**Data section:**
-----
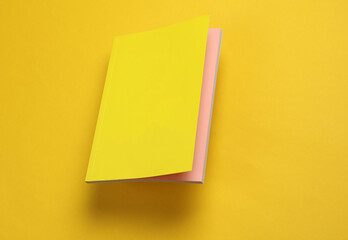 Poster - Notepad with a yellow cover floating on a yellow background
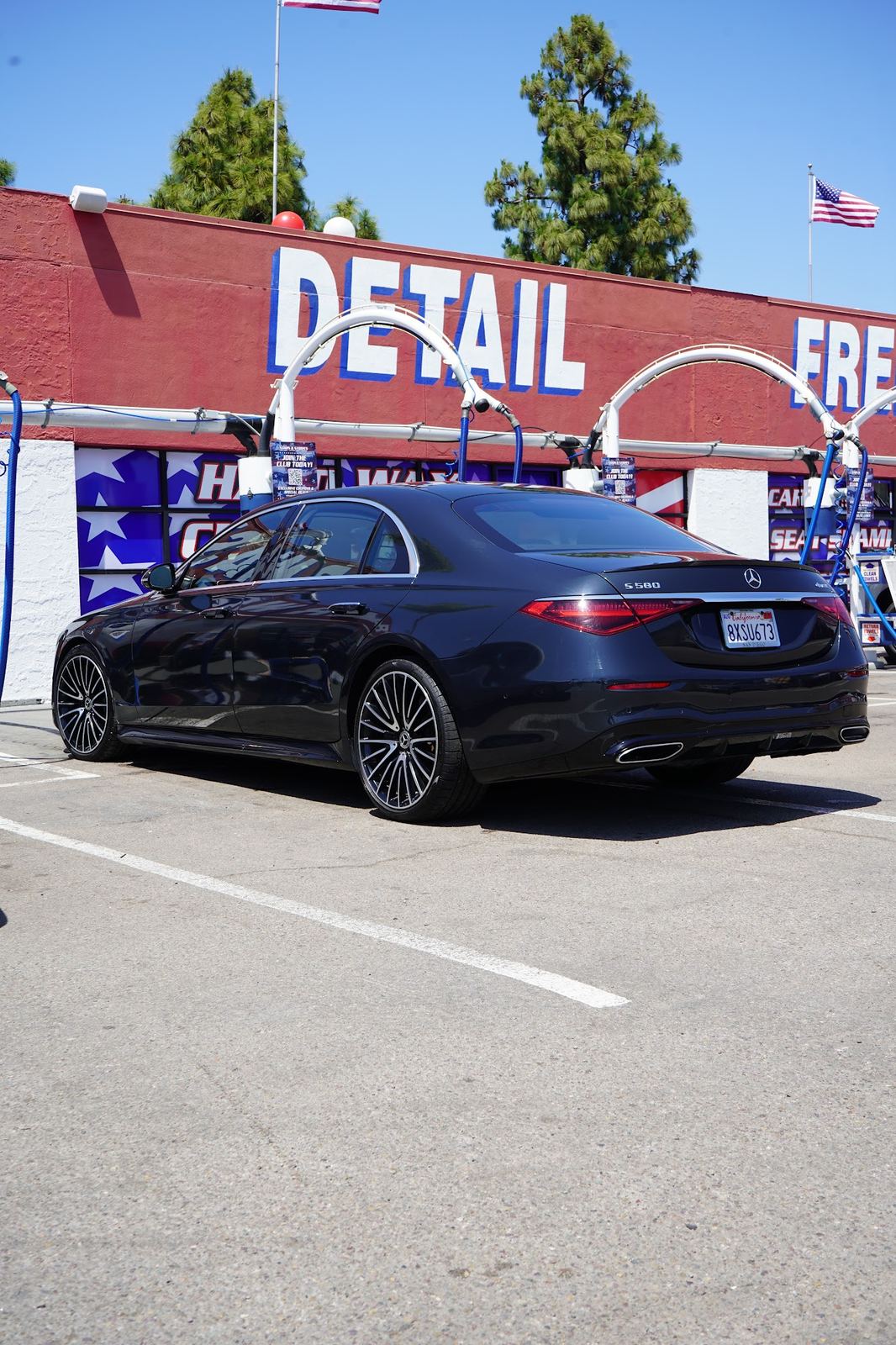 Black Mercedes S-Class in front of the Detail sign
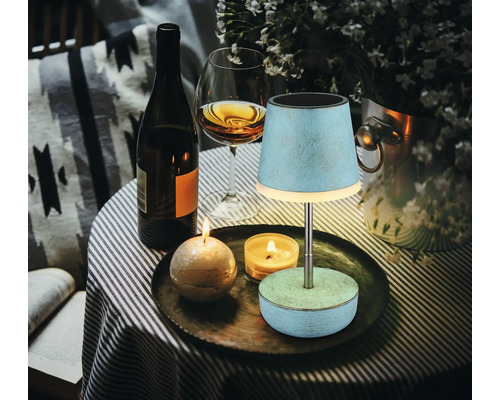 Dekorative Szene mit Tischleuchte, Kerzen, Wein und Blumenvase für gemütliche Atmosphäre.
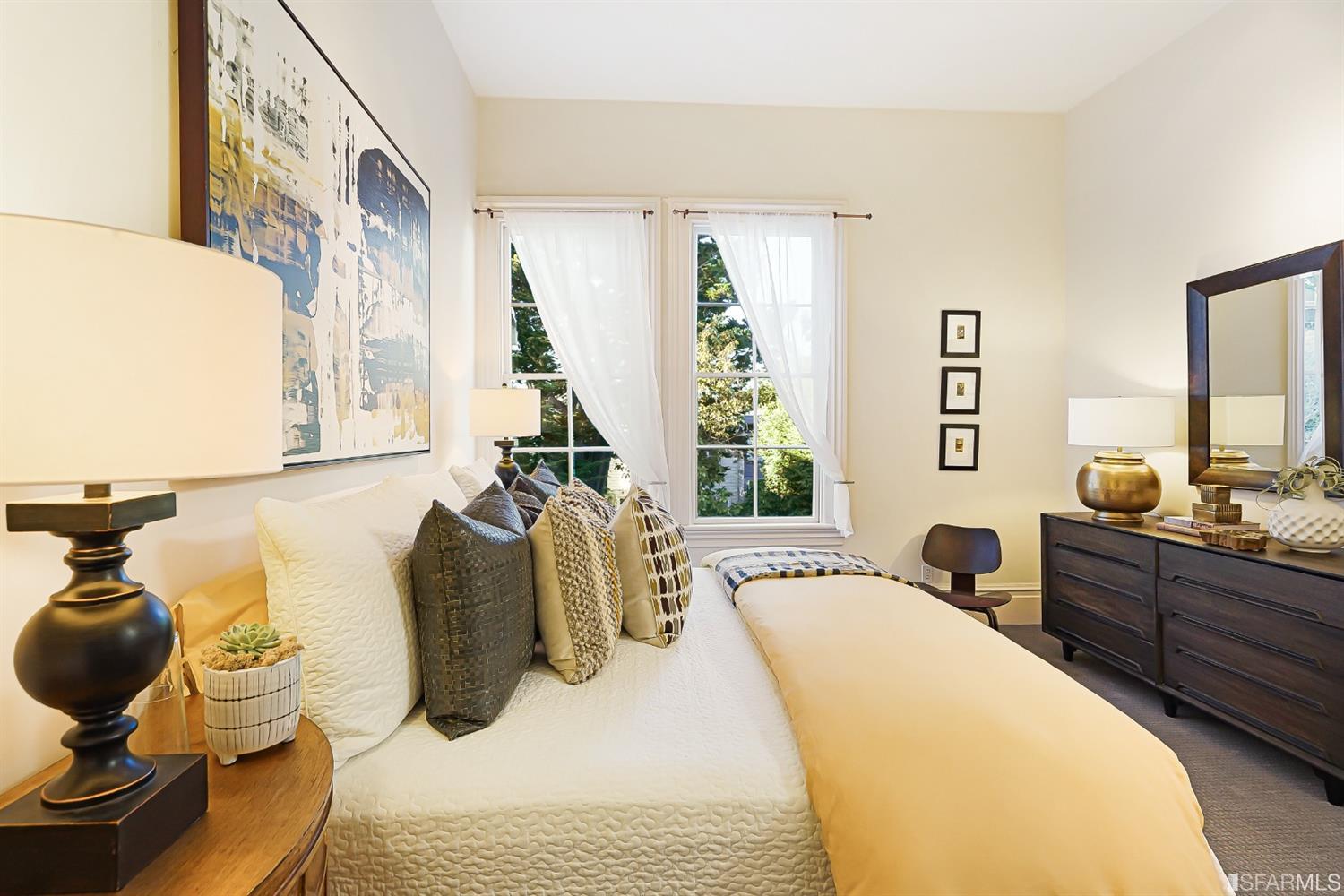 720 Waller Street San Francisco, CA 94117 - Photo 26 of 44 a bedroom with a bed and wooden floor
-----
**Work order:** With pictures left out, extract the lines from the one containing "Black Mercedes S-Class" to the end of the material above, both included, exactly as written.

**Answer below:**
 Black Mercedes S-Class in front of the Detail sign
 Dekorative Szene mit Tischleuchte, Kerzen, Wein und Blumenvase für gemütliche Atmosphäre.
 720 Waller Street San Francisco, CA 94117 - Photo 26 of 44 a bedroom with a bed and wooden floor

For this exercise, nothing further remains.